Nel momento in cui un blogger gode delle ricadute positive della sua passione, del suo impegno libero e disinteressato, della sua generosità, l'intero sistema ne guadagna e niente viene sottratto alle dinamiche virtuose delle community (di tutte, non solo quelle blog based). Nel momento in cui un blogger perde la sua libertà perché scrive (o usa altri strumenti di comunicazione) in vista di un fine, esce dall'economia del dono ed entra nell'economia di mercato: il suo scopo non è più il divertimento o la riflessione o la scrittura, ma un obiettivo preciso (che può anche essere assai positivo, come la copertura professionale di un argomento, non è questo in discussione).

Pur restando disinteressata a una precisa definizione di blog (o di community, o di social media) sono sempre più portata a identificare la soglia tra il divertimento (in senso letterale) e il lavoro in termini di necessità di mediazione.

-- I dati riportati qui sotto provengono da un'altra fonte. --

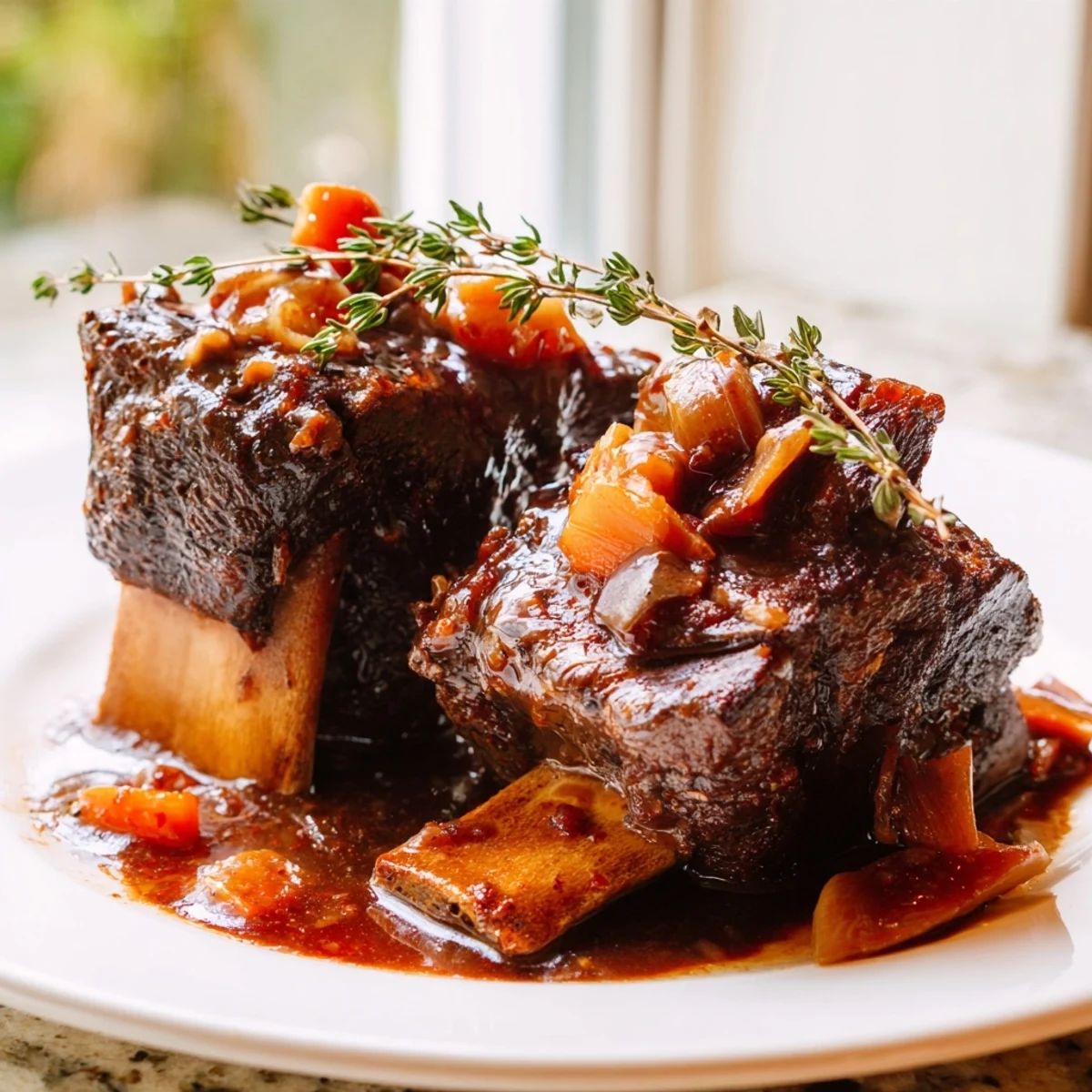 Tender Oven Braised Beef Ribs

Meno sono libera di scrivere il cacchio che voglio, più quello che scrivo in rete diventa un lavoro, anche se non produce risultati economici (un buon esempio può essere mantenere posizioni in classifica, non dispiacere i lettori o aumentare la propria popolarità/link/commenti).

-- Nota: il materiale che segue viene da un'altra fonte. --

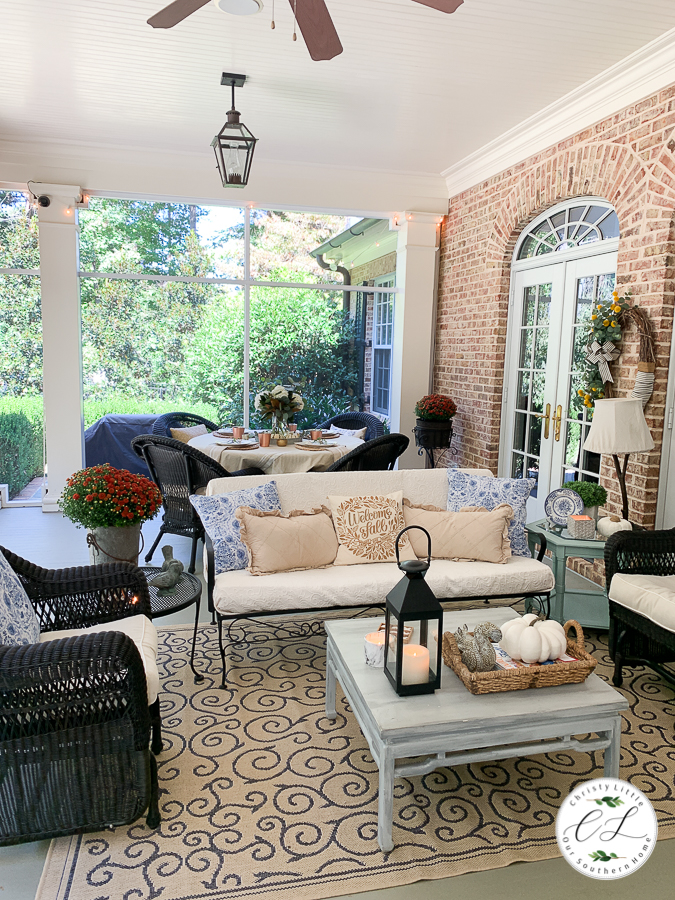 Creating a Cozy Fall Porch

Le metriche, utilissime per chi cerca di capire e utilizzare professionalmente i social media (disclosure: io per prima), diventano deleterie nel momento in cui costituiscono uno scopo in sé. Questo è un pericolo più potenziale che reale, perché io continuo a vedere assai pochi esempi di manipolazione delle relazioni a scopo di aumento della propria popolarità. Me ne parlano in molti, ma alla richiesta di esempi concreti ricevo poche risposte.

Quello che vedo più pericoloso, in termini di contaminazione di una dinamica fertilissima di condivisione disinteressata, è l'ambizione di usare il proprio blog come trampolino di lancio per la visibilità sui media, la popolarità e la professione. Pericoloso non in assoluto, ma solo quando genera una scrittura paraprofessionale, la convinzione di dover "coprire" tutti gli argomenti e un'inconscia (ma anche no) mediazione tra ciò che si desidererebbe scrivere e ciò che conviene scrivere.

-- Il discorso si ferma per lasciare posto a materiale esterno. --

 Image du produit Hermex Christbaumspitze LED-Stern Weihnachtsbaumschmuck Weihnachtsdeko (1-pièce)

In quest'ultimo caso a mio parere sarebbe opportuna una maggiore consapevolezza del fatto che, a prescindere dallo strumento utilizzato, si esce da una dinamica sociale per entrare in una editoriale, cambiando a tutti gli effetti campo di gioco. Non ho niente contro i blogger professionisti, il nanopublishing e l'uso dei social media come strumento di diffusione di contenuti interessati (anzi): mi preme solo sottolineare come in questo caso l'abbandono dell'economia del dono determini una responsabilità maggiore e la rinuncia agli effetti positivi in termini sociali della parità con i propri interlocutori (che si trasformano in lettori e raramente riescono a ricambiare con la propria competenza quella messa a disposizione, interrompendo la crescita di valore del sistema). E' una questione di relazione, non di contenuti.

Mi piacerebbe che si avviasse un dibattito sereno su questo tema, anche se mi rendo conto di stare pestando un po' di calli e di rischiare anche l'effetto "da quale pulpito". Sempre più spesso negli ultimi mesi ho sentito l'effetto dell'"inconscia mediazione" di cui parlavo prima, non mi sento affatto esente dal problema, ma continuo ad attribuire un'enorme importanza alla libertà di poter avere uno spazio libero da qualunque interesse, anche dai miei.